Raw data:
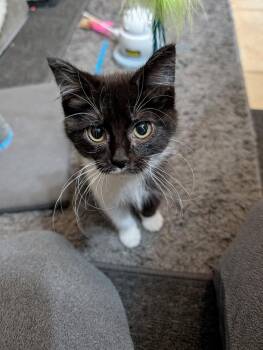 Reya -  Domestic Medium Hair Cat for Adoption in Westfield, Wisconsin - Reya | PetCurious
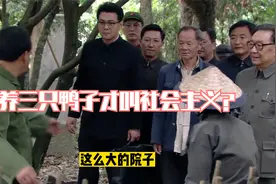 养三只鸭子才是社会主义？小平同志为此大发雷霆
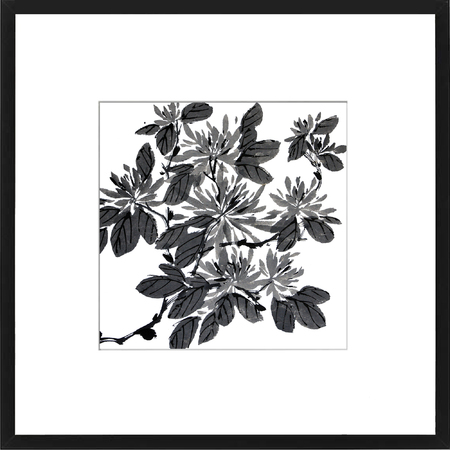 Medium chrysanthamum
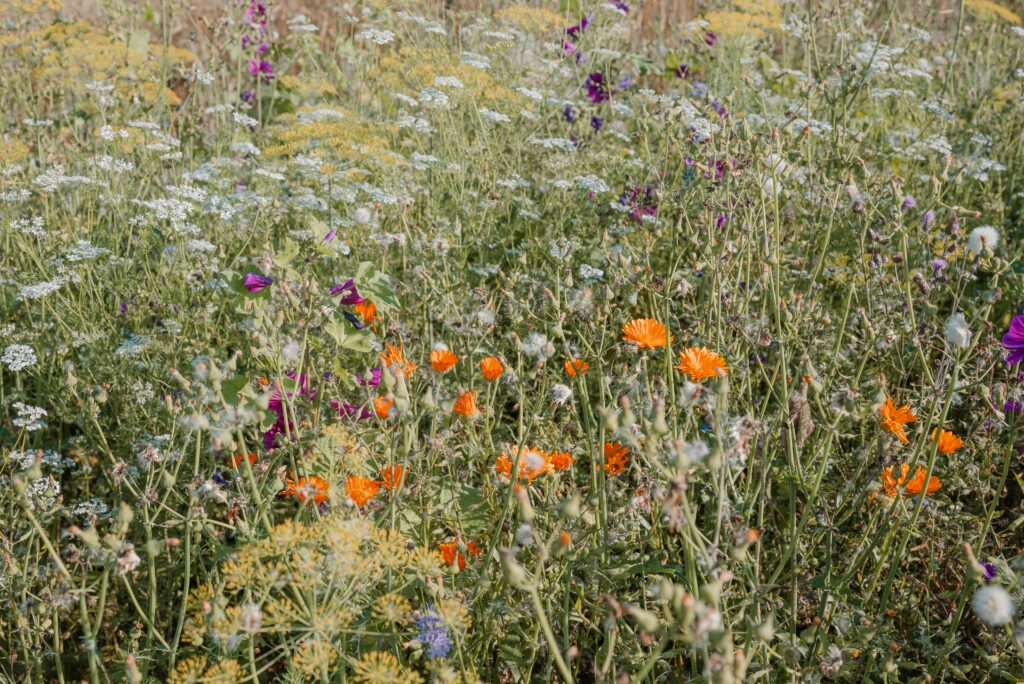 Creating a modern meadow | Emerson Wild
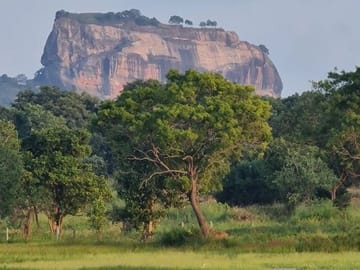 Sigiriya & Dambulla Cave Temple Day Trip from Colombo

Aim of the task:
Return every record exactly. Pictures stay out.

Task result:
 Reya -  Domestic Medium Hair Cat for Adoption in Westfield, Wisconsin - Reya | PetCurious
 养三只鸭子才是社会主义？小平同志为此大发雷霆
 Medium chrysanthamum
 Creating a modern meadow | Emerson Wild
 Sigiriya & Dambulla Cave Temple Day Trip from Colombo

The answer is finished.